The U.S. was well represented by several Senior Executives and high-level individuals including:
- Dr. Robin Staffin (Director for Basic Science, Office of the Secretary of Defense/ASDR&E)
- Dr. Thomas Hussey (AFOSR Chief Scientist)
- Dr. Stephen Lee (ARL Chief Scientist)
- Dr. Richard Colton (NRL Chemistry Division Superintendent)
- Dr. William Colglazier (Science Adviser to the Secretary of State)
- Dr. Woodrow Whitlow (NASA Associate Administrator for Mission Support)
“The workshop provided a great opportunity for the exchange of scientific information on materials and nanotechnology between U.S, government and Australian scientists and S&T leaders. The overlap of interests and quality of the work presented were exceptional,” added Dr. Richard Colton, NRL chemistry division superintendent.
The Australian delegation was comprised of roughly 30 representatives from 17 of the 38 universities in Australia and other organizations including the ANFF, the Commonwealth Scientific and Industrial Research Organisation and the Australian Microscopy & Microanalysis Research Facility. The Australian university participants included the University of Melbourne, University of Sydney, University of Wollongong, University of New South Wales, the University of Adelaide, Macquarie University, University of Western Australia, Deakin University, University of Queensland, La Trobe University, Australian National University, Flinders University, Swinburne University of Technology, and the University of South Australia.
High ranking Australian attendees included:
- The Hon Kim Beazley AC (Ambassador of Australia to the US)
- Prof Mary O’Kane (Chief Scientist and Engineer of New South Wales)
- Prof Jim Piper (Deputy Vice-Chancellor of Research, Macquarie University)

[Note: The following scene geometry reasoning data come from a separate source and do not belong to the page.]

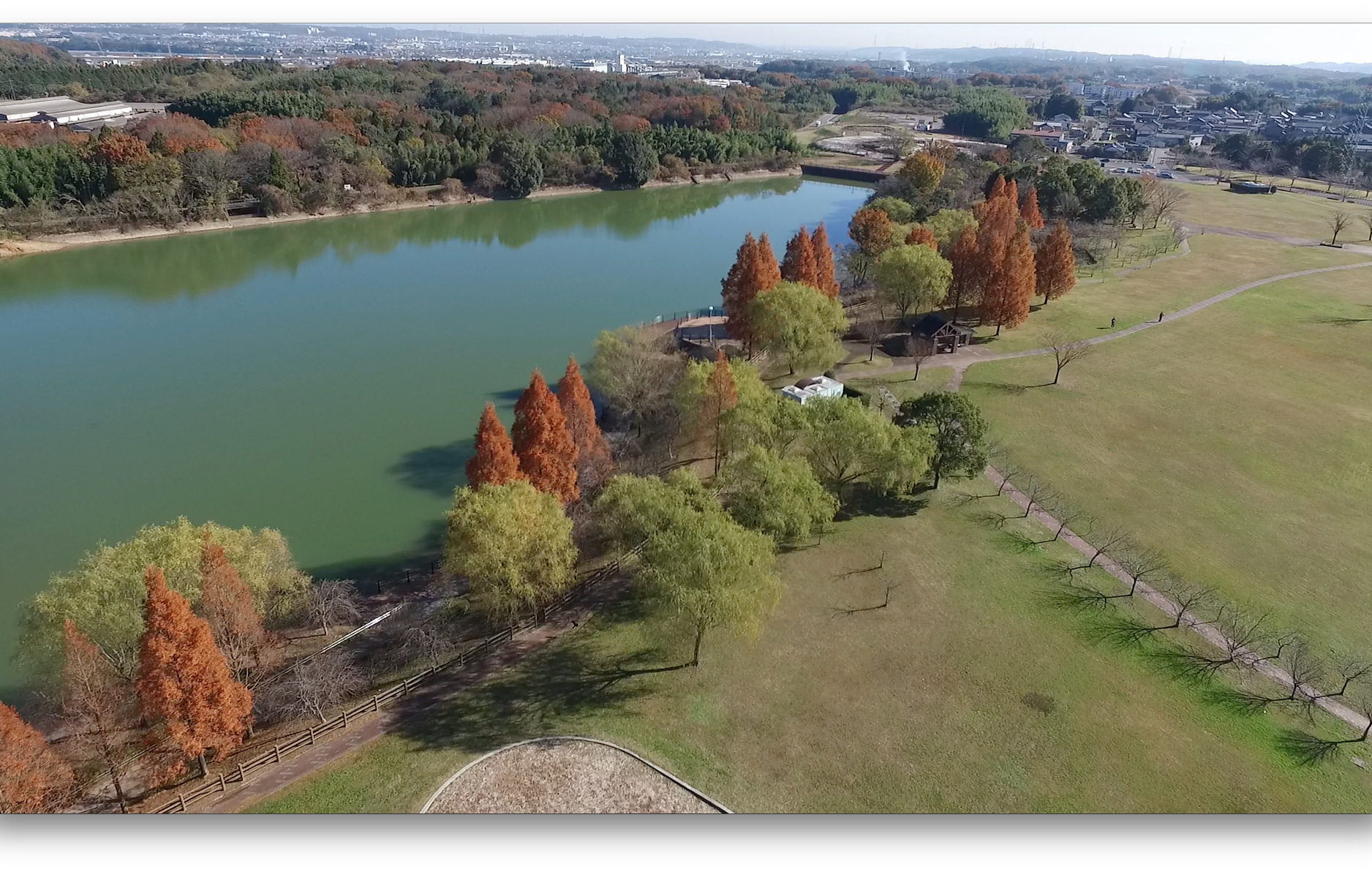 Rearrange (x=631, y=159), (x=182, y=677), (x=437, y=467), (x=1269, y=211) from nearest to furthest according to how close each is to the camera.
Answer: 1. (x=182, y=677)
2. (x=437, y=467)
3. (x=1269, y=211)
4. (x=631, y=159)

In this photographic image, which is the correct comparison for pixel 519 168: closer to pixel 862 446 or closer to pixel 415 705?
pixel 862 446

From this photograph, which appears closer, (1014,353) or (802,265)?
(802,265)

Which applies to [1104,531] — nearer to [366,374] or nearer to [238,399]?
[366,374]

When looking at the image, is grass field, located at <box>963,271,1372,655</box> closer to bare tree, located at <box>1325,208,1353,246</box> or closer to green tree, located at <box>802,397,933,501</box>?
green tree, located at <box>802,397,933,501</box>

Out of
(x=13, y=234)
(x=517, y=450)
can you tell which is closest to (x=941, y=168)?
(x=517, y=450)

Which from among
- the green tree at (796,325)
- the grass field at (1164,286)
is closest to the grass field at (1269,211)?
the grass field at (1164,286)

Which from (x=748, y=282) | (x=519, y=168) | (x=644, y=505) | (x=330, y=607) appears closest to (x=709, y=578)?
(x=644, y=505)

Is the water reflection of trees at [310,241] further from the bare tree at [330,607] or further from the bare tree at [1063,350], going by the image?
the bare tree at [330,607]

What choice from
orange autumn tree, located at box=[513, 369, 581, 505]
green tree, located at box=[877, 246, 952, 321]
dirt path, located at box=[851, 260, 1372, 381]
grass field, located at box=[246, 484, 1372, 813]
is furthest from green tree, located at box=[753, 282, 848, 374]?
grass field, located at box=[246, 484, 1372, 813] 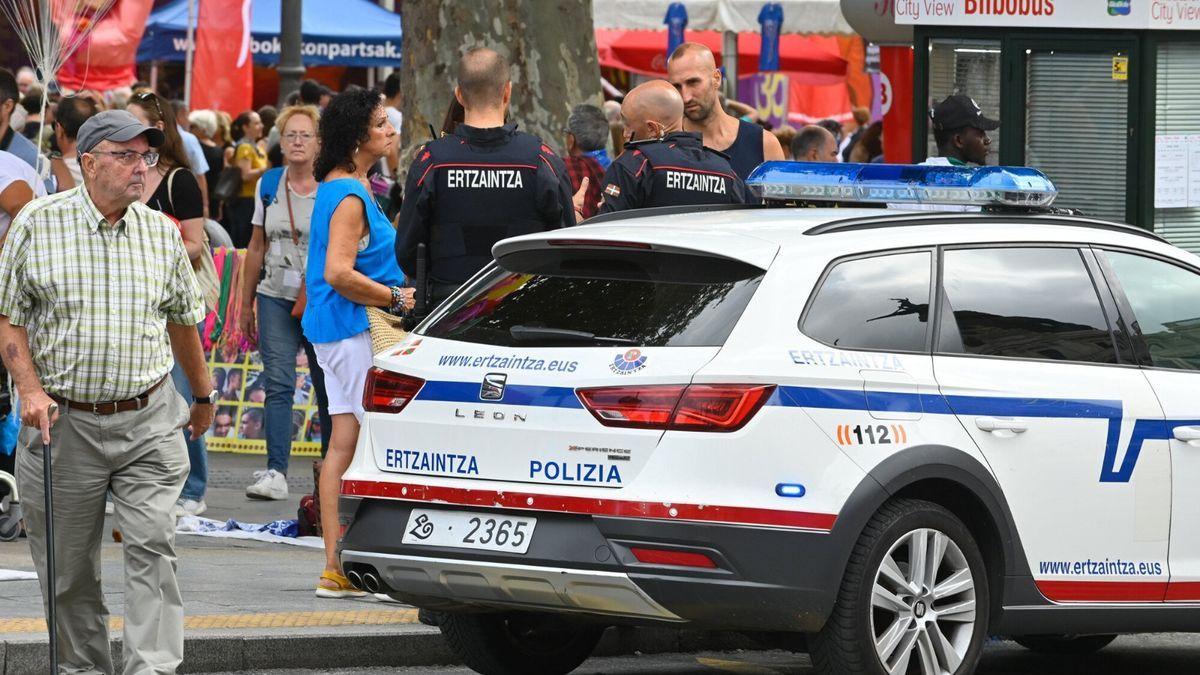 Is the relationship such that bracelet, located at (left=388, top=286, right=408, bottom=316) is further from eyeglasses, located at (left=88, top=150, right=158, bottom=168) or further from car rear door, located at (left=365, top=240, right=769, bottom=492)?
eyeglasses, located at (left=88, top=150, right=158, bottom=168)

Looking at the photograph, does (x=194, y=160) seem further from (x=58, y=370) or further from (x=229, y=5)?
(x=58, y=370)

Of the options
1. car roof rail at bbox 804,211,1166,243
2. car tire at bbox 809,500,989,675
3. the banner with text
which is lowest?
car tire at bbox 809,500,989,675

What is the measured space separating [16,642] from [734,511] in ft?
8.40

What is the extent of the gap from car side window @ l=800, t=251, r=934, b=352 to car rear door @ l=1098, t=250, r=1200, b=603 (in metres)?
0.89

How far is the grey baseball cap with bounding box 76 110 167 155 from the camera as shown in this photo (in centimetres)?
646

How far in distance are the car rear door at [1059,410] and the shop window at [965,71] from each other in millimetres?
5127

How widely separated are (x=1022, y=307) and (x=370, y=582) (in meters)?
2.26

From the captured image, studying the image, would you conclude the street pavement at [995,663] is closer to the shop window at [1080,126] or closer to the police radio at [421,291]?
the police radio at [421,291]

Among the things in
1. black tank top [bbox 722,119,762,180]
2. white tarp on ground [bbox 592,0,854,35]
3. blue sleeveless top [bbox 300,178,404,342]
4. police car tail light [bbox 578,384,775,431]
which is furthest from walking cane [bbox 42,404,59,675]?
white tarp on ground [bbox 592,0,854,35]

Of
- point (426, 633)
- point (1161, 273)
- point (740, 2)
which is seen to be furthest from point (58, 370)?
point (740, 2)

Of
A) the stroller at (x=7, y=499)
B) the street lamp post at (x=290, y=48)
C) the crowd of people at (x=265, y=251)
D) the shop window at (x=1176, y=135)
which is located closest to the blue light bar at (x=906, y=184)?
the crowd of people at (x=265, y=251)

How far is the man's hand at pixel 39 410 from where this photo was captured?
6293mm

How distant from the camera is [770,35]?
22.7 m

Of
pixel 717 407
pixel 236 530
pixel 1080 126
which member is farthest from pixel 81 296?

- Prof Les Field (Deputy Vice-Chancellor of Research, University of New South Wales)
- Dr. Cathy Foley (Chief of CSIRO Materials Science and Engineering)
This successful collaboration between AFOSR and ANFF has received positive visibility in both participating countries, particularly Australia:
According to those in attendance, the meeting was considered a success, and AFOSR was please to accept recognition as the coordinators of such a positive and collaborative event.
“Now that talented and creative individuals, as well as knowledge and expertise, are increasingly spread throughout the world, all countries must collaborate internationally to remain at the cutting edge of science. We applaud AFOSR’s extensive efforts to foster collaborations with premier scientific research organizations in other countries. This worthwhile collaboration with ANFF has been mutually beneficial for both countries,” stated Dr. E. William Colglazier, the Science & Technology Adviser to the Secretary of State.
The ANFF was established in 2007, under the Australian Government’s National Collaborative Research Infrastructure Strategy. ANFF links 19 universities and the CSIRO in eight university-based nodes to provide Australian industry and publicly funded researchers with access to state-of-the-art nanotechnology fabrication facilities. The strength of the ANFF lies in its network of 19 member institutions (comprising half of Australia’s universities and CSIRO) that are its foundation.
AFOSR continues to expand the horizon of scientific knowledge through its leadership and management of the Air Force’s basic research program. As a vital component of the Air Force Research Laboratory, AFOSR’s mission is to discover, shape and champion basic science that profoundly impacts the future Air Force.